Klar denke ich heute anders darüber. Soll er doch. Aber hinterher ist man ja bekanntlich immer schlauer, oder?

Ich weiß noch, dass meine Mutter ebenfalls stinksauer war. Aber eher, da sie auch Angst um ihre Tochter hatte. Was wohl aus mir wird. Ob ich alles verkrafte oder zugrunde gehe. Wie man es so oft hört. Heute ist sie wahnsinnig stolz auf mich. Aber damals: Anja, ich hol dich da jetzt raus. So geht das doch nicht. Du kannst nicht alles mitmachen, wenn Kai sein Leben einfach so hergibt.

Mit den Augen einer Mutter kann ich sie sehr gut verstehen. Wie schlimm muss das sein, zu sehen, was das geliebte Kind alles machtlos ertragen soll. Ich muss dazu sagen, dass meine Eltern beide auch an Krebs erkrankt waren. Früher. Meine Mutter hatte mit 29 Jahren ausgeprägten Unterleibskrebs und bei meinem Papa wurde 1997 Leukämie festgestellt. Meine beiden Eltern leben. Und zwar gut und gesund. Aus medizinischer Sicht hieß es bei beiden zu Zeiten der Diagnosenstellung: Keine Chance.

Meine Mutter fragte letztes Jahr, warum das wohl so ist. Dass es ihnen so gut geht. Mein Papa ist geheilt. Bei ihm schlug eine Medikamentenkombination an, die damals europaweit bei 10% der Patienten Erfolg zeigte. Und meine Mutter? Das war russisches Roulette. Ich war damals 9 Jahre alt und meine Schwester 5.
Ich sagte ihr: Tja, ihr habt beide überlebt, damit ihr jetzt für mich da sein könnt. Und für Nils.

Und bereits kurz nach Kais Tod wusste ich: alles hat seinen Sinn und alles seinen Grund. Man muss nur lernen, ES zu sehen. Manchmal dauert es. Dauert Monate oder gar Jahre, bis es sichtbar wird. Der gute Grund. Aus gutem Grund. Und so gilt das für alles, was ich bereits im Leben mitgemacht habe. Irgendwann fügt es sich. Die einzelnen Mosaikteile des Lebens werden zu einem großen Ganzen. Und dann erkennt man es. Und wenn das soweit ist, wird es gut.
Ich habe immer gedacht, dass es mich mal treffen wird. Mit einer schwerwiegenden Krankheit. Mit meiner Vorbelastung, die über mehrere Generationen reicht. In Kais Familie hingegen gab es derartiges nicht. Zumindest nicht wissentlich.

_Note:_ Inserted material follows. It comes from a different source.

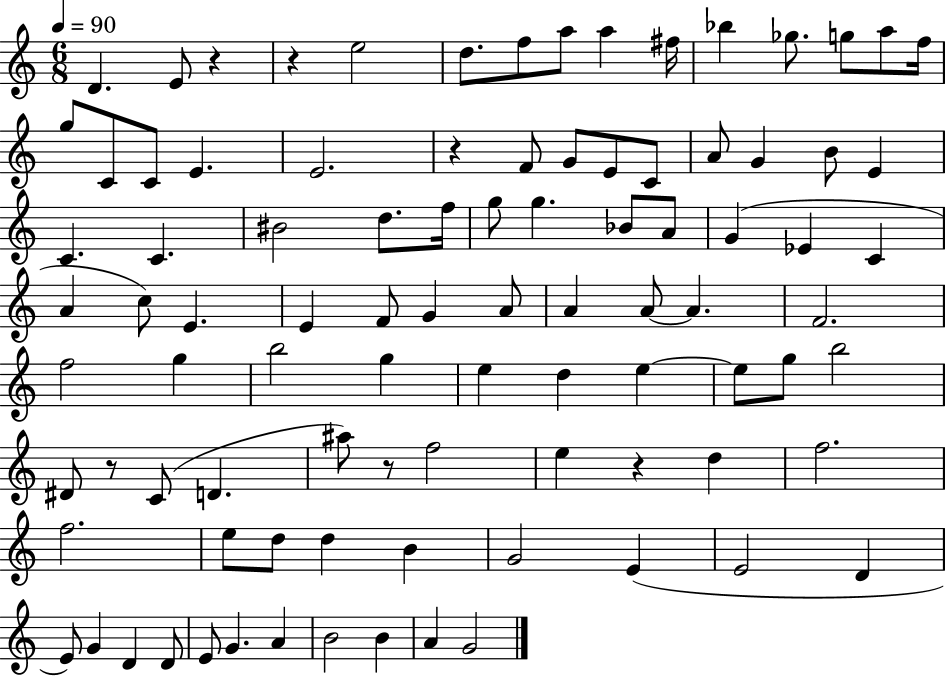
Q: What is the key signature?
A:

Kai arbeitete wie verrückt an unserem Garagenhof. Baggerte, schlichtete, grub. Nils half immer mit, durfte den Bagger steuern und war glücklich. Ich ja gar nicht. Kai hatte aber nun jede Menge Spielraum, während ich im Büro war.

Der Sommer lief auf Hochtouren. Meine Herren, war das heiß. Am Wochenende war ein Ausflug an den Fichtelsee geplant. Tretbootfahren und Eis essen. Sonntag  dann. Kai kam morgens nicht aus dem Bett. Was ist denn da los. Normalerweise war er immer lange vor uns auf den Beinen. Ach, er wisse nicht. Er kam nicht in die Pötte. Hatte schlechte Laune, Beinschmerzen und war komplett depressiv. Oh weh. Geht es jetzt los? Das, wovor uns Andreas auch gewarnt hat. Dass es schwer sein wird, mit der Angst zurecht zu kommen. Die Angst, dass der Krebs wiederkommt. Die kann einen zerfressen. Ich weiß das. Kenne das Ding mit der Angst.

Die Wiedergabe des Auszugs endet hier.